Marilyn Fayre Milos, multiple award winner for her humanitarian work to end routine infant circumcision in the United States and advocating for the rights of infants and children to genital autonomy, has written a warm and compelling memoir of her path to becoming “the founding mother of the intactivist movement.” Needing to support her family as a single mother in the early sixties, Milos taught banjo—having learned to play from Jerry Garcia (later of The Grateful Dead)—and worked as an assistant to comedian and social critic Lenny Bruce, typing out the content of his shows and transcribing court proceedings of his trials for obscenity. After Lenny’s death, she found her voice as an activist as part of the counterculture revolution, living in Haight Ashbury in San Francisco during the 1967 Summer of Love, and honed her organizational skills by creating an alternative education open classroom (still operating) in Marin County. 

After witnessing the pain and trauma of the circumcision of a newborn baby boy when she was a nursing student at Marin College, Milos learned everything she could about why infants were subjected to such brutal surgery. The more she read and discovered, the more convinced she became that circumcision had no medical benefits. As a nurse on the obstetrical unit at Marin General Hospital, she committed to making sure parents understood what circumcision entailed before signing a consent form. Considered an agitator and forced to resign in 1985, she co-founded NOCIRC (National Organization of Circumcision Information Resource Centers) and began organizing international symposia on circumcision, genital autonomy, and human rights. Milos edited and published the proceedings from the above-mentioned symposia and has written numerous articles in her quest to end circumcision and protect children’s bodily integrity. She currently serves on the board of directors of Intact America.

Georganne

Georganne Chapin is a healthcare expert, attorney, social justice advocate, and founding executive director of Intact America, the nation’s most influential organization opposing the U.S. medical industry’s penchant for surgically altering the genitals of male children (“circumcision”). Under her leadership, Intact America has definitively documented tactics used by U.S. doctors and healthcare facilities to pathologize the male foreskin, pressure parents into circumcising their sons, and forcibly retract the foreskins of intact boys, creating potentially lifelong, iatrogenic harm. 

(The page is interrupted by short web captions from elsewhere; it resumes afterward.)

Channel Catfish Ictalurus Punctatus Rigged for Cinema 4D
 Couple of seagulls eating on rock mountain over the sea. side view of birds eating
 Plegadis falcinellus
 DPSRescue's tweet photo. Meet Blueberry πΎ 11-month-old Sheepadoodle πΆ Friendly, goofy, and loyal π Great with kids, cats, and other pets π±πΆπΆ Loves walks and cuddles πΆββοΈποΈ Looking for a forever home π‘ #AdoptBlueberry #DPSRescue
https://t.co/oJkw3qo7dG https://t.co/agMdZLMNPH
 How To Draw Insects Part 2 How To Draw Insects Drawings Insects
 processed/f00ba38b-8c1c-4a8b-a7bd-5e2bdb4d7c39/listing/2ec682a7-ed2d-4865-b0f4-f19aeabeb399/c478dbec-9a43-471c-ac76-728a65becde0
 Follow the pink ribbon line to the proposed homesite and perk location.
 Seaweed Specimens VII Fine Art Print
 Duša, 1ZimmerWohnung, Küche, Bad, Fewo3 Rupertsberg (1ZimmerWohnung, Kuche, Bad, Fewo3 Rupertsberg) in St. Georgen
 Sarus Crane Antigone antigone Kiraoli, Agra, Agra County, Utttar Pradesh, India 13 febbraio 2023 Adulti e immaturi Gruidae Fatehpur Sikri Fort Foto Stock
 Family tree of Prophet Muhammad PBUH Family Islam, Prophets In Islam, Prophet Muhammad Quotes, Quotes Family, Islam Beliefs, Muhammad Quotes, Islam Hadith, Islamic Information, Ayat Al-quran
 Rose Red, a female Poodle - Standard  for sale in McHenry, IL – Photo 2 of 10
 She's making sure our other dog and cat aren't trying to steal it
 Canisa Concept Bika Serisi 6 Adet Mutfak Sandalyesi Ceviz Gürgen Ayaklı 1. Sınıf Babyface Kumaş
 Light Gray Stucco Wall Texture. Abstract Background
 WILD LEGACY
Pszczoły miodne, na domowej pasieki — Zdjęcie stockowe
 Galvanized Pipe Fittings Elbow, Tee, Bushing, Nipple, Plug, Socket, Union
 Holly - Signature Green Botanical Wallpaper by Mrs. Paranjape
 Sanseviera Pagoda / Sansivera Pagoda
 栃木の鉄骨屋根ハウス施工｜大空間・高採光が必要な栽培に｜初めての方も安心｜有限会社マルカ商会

Chapin holds a BA in Anthropology from Barnard College, and a Master’s degree in Sociomedical Sciences from Columbia University. For 25 years, she served as president and chief executive officer of Hudson Health Plan, a nonprofit Medicaid insurer in New York’s Hudson Valley. Mid-career, she enrolled in an evening law program, where she explored the legal and ethical issues underlying routine male circumcision, a subject that had interested her since witnessing the aftermath of the surgery conducted on her younger brother. She received her Juris Doctor degree from Pace University School of Law in 2003, and was subsequently admitted to the New York Bar. As an adjunct professor, she taught Bioethics and Medicaid and Disability Law at Pace, and Bioethics in Dominican College’s doctoral program for advanced practice nurses.

In 2004, Chapin founded the nonprofit Hudson Center for Health Equity and Quality, a company that designs software and provides consulting services designed to reduce administrative complexities, streamline and integrate data collection and reporting, and enhance access to care for those in need. In 2008, she co-founded Intact America.

Chapin has published many articles and op-ed essays, and has been interviewed on local, national and international television, radio and podcasts about ways the U.S. healthcare system prioritizes profits over people’s basic needs. She cites routine (nontherapeutic) infant circumcision as a prime example of a practice that wastes money and harms boys and the men they will become. This Penis Business: A Memoir is her first book.